[Information supplied]
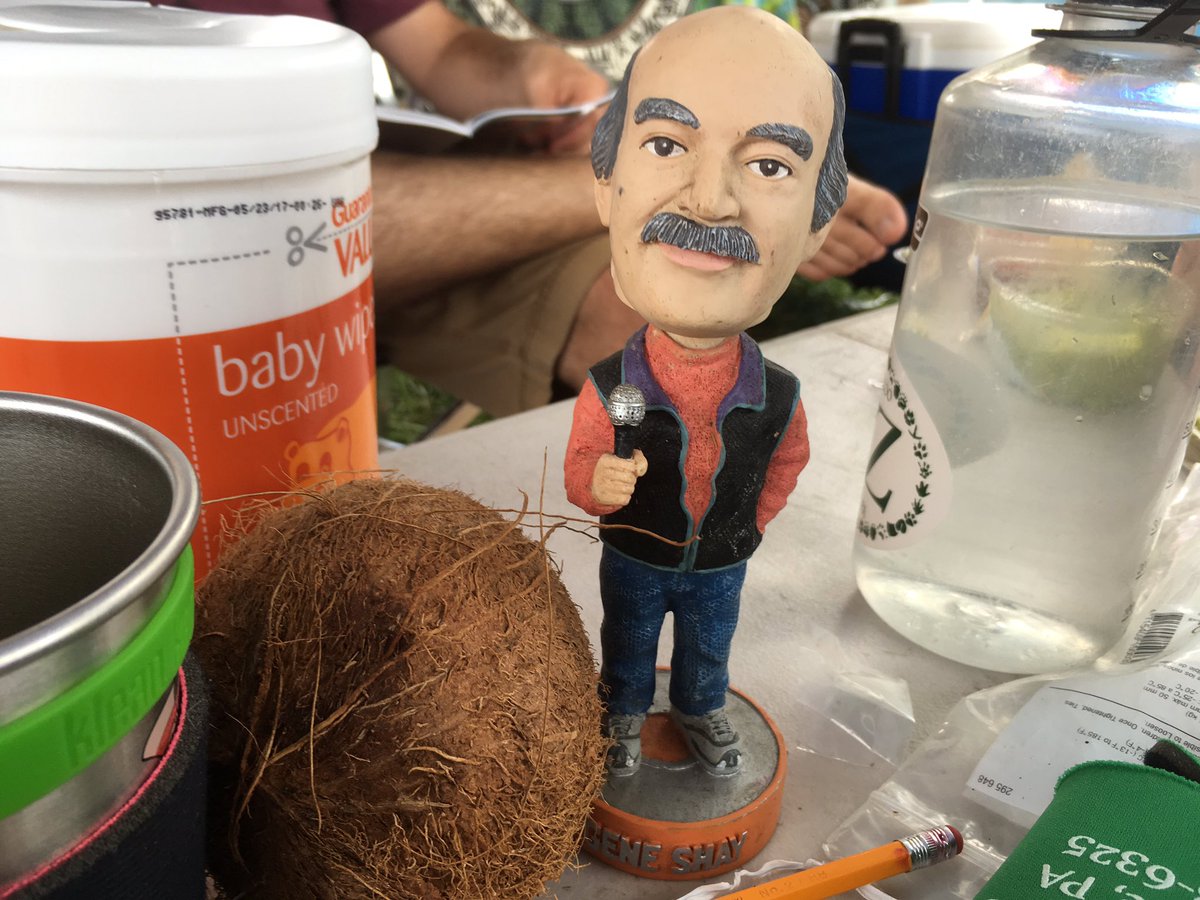 brianbingaman's tweet image. Paid a visit to the Grow Your Own Holiday camping group, who had a Gene Shay bobblehead #pff2017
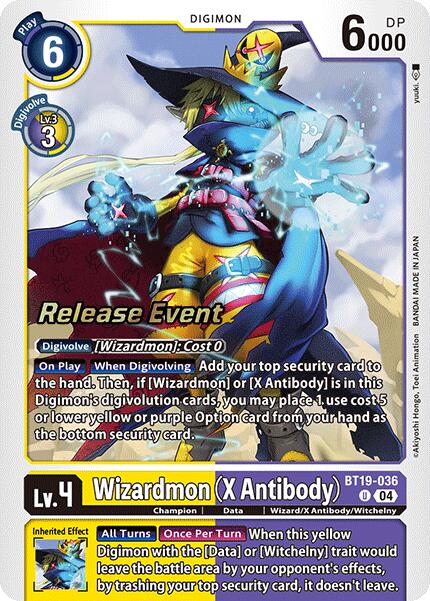 Wizardmon [BT19-036] (X Antibody) [Release Special Booster Ver.2.0 Promos] - Destination Retro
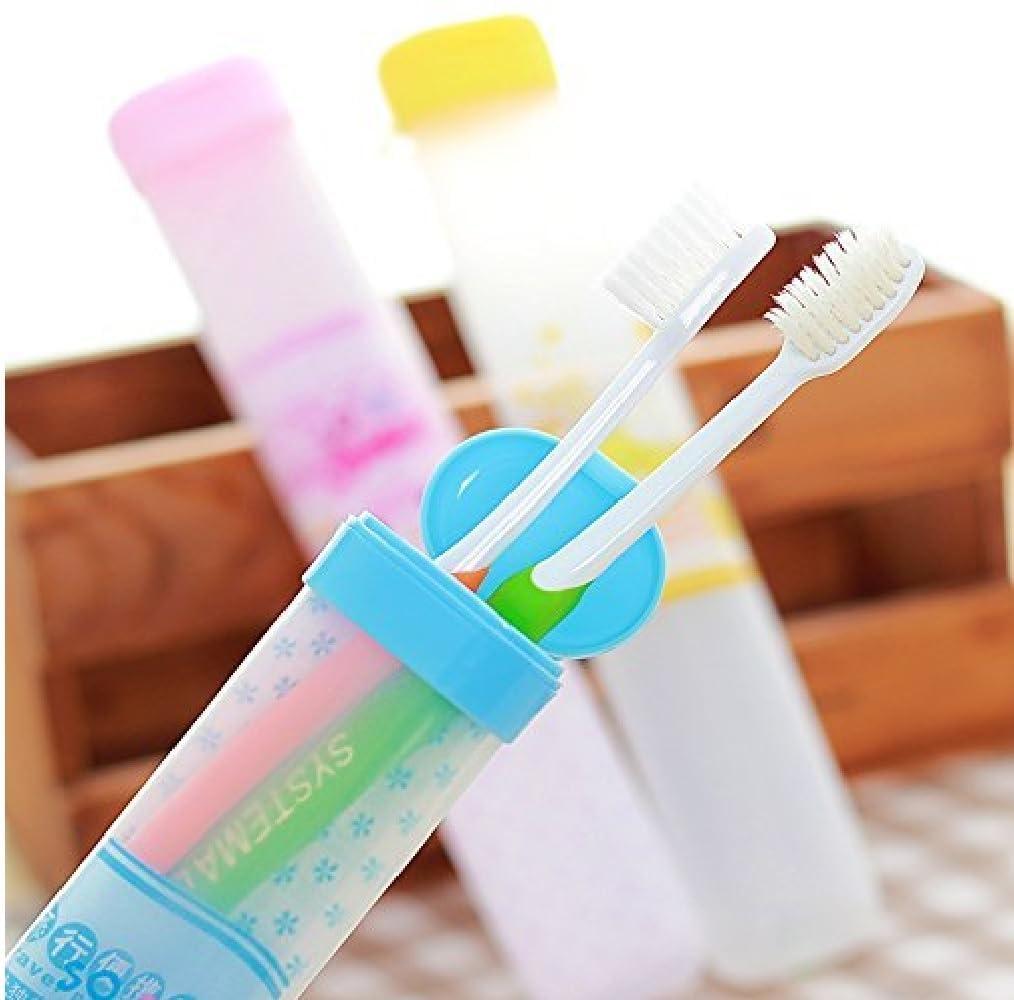 Prostuff.in Prostuff.in 2 Pcs Toothbrush Holder with Cap Antibacterial Toothbrush Case Cover, Travelling Accessories Multi Color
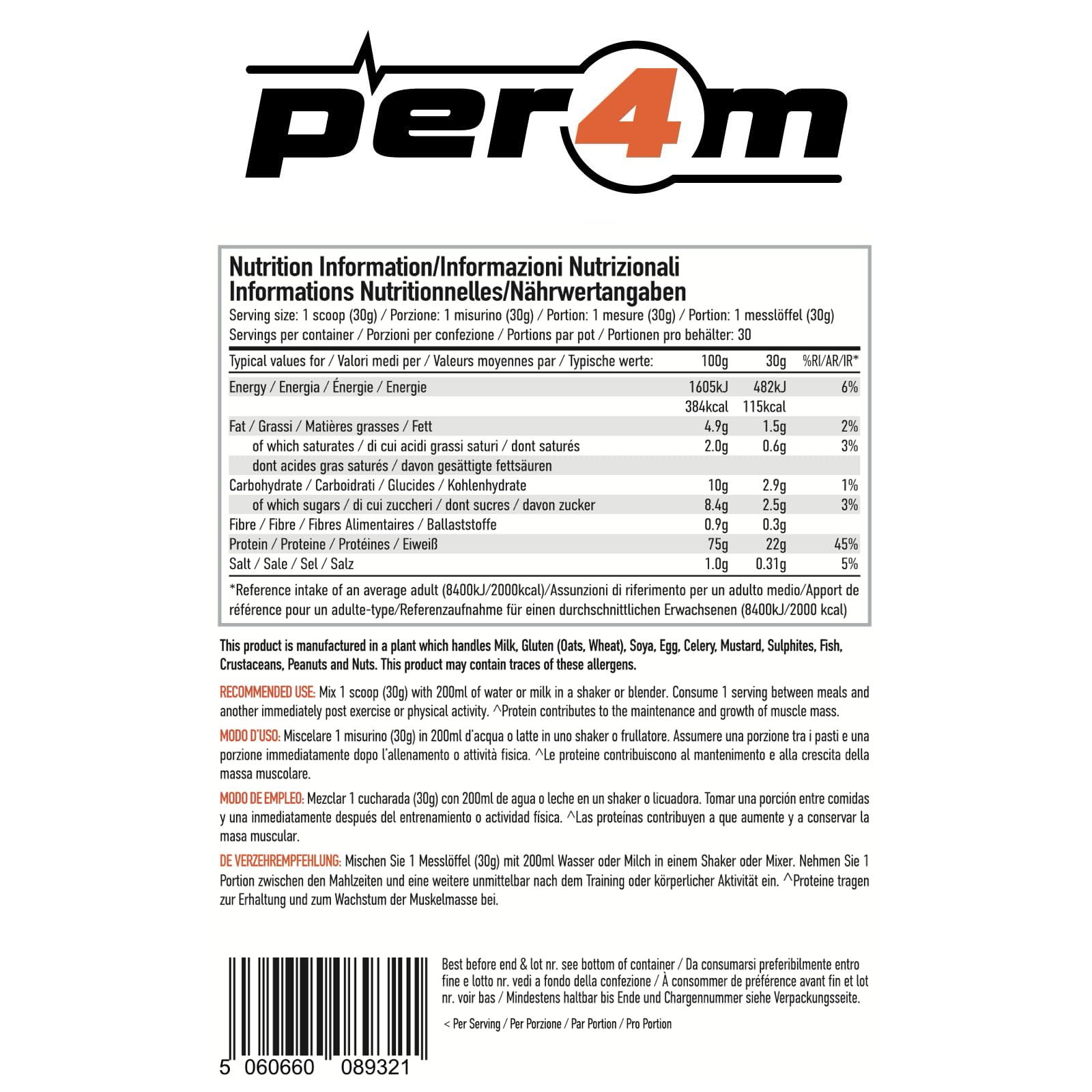 Per4m Advanced Whey Protein - Whey Protein Powder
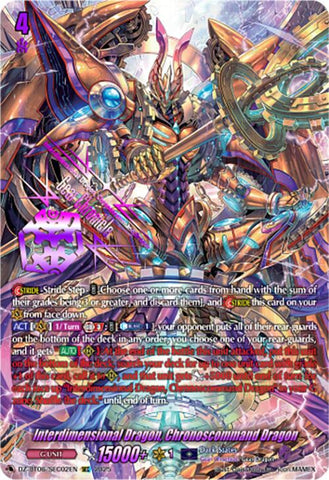 Interdimensional Dragon, Chronoscommand Dragon (DZ-BT06/SEC02EN) [Generation Dragenesis]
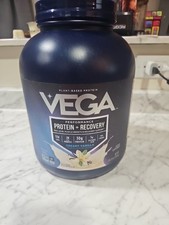Vega Plant-Based Performance +Recovery Protein Powder Creamy Vanilla 4lb Ex 4/27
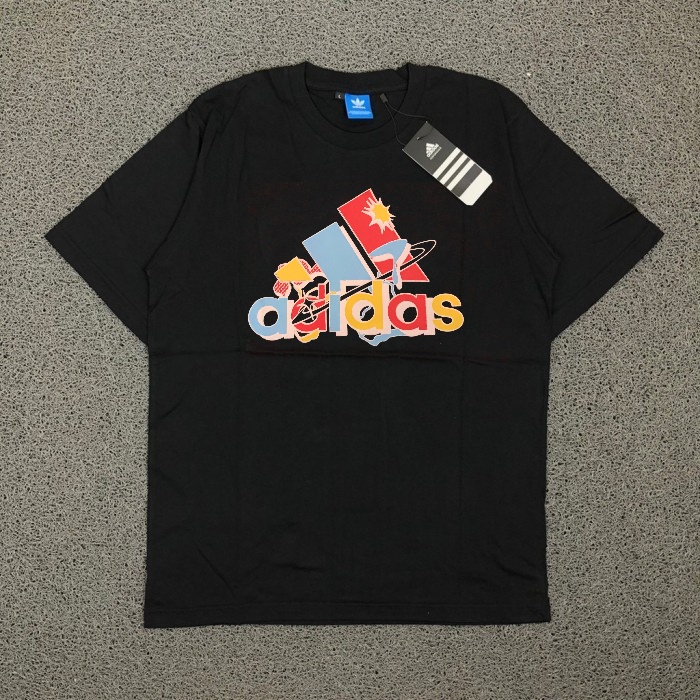 Kaos adidas trefoil logo premium full tag hypebeast indonesia warna hitam lengan pendek| kaos adidas import | kaos oblong pria | t-shirt pria | kaos distro pria bandung murah | kaos terlaris | kaos viral tiktok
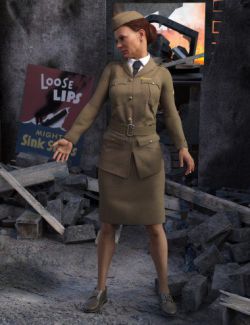 Blitz Girl Uniform for Genesis 8 Female(s)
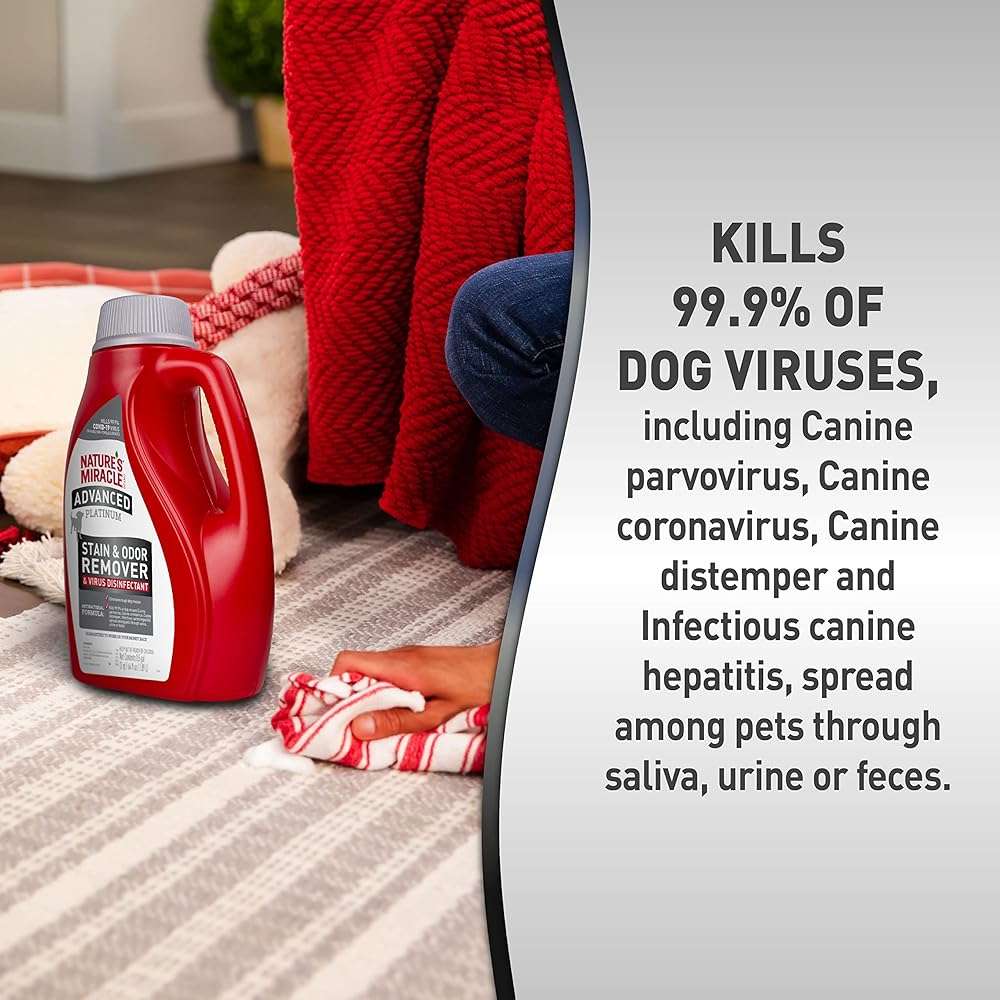 Nature's Miracle Advanced Platinum Stain & Odor Remover & Virus Disinfectant 64 Oz - Image 8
[/Information supplied]
* [Task goal] Every line of the records above should be copied exactly, while the pictures are left behind.

* [Solution]
 brianbingaman's tweet image. Paid a visit to the Grow Your Own Holiday camping group, who had a Gene Shay bobblehead #pff2017
 Wizardmon [BT19-036] (X Antibody) [Release Special Booster Ver.2.0 Promos] - Destination Retro
 Prostuff.in Prostuff.in 2 Pcs Toothbrush Holder with Cap Antibacterial Toothbrush Case Cover, Travelling Accessories Multi Color
 Per4m Advanced Whey Protein - Whey Protein Powder
 Interdimensional Dragon, Chronoscommand Dragon (DZ-BT06/SEC02EN) [Generation Dragenesis]
Vega Plant-Based Performance +Recovery Protein Powder Creamy Vanilla 4lb Ex 4/27
 Kaos adidas trefoil logo premium full tag hypebeast indonesia warna hitam lengan pendek| kaos adidas import | kaos oblong pria | t-shirt pria | kaos distro pria bandung murah | kaos terlaris | kaos viral tiktok
 Blitz Girl Uniform for Genesis 8 Female(s)
 Nature's Miracle Advanced Platinum Stain & Odor Remover & Virus Disinfectant 64 Oz - Image 8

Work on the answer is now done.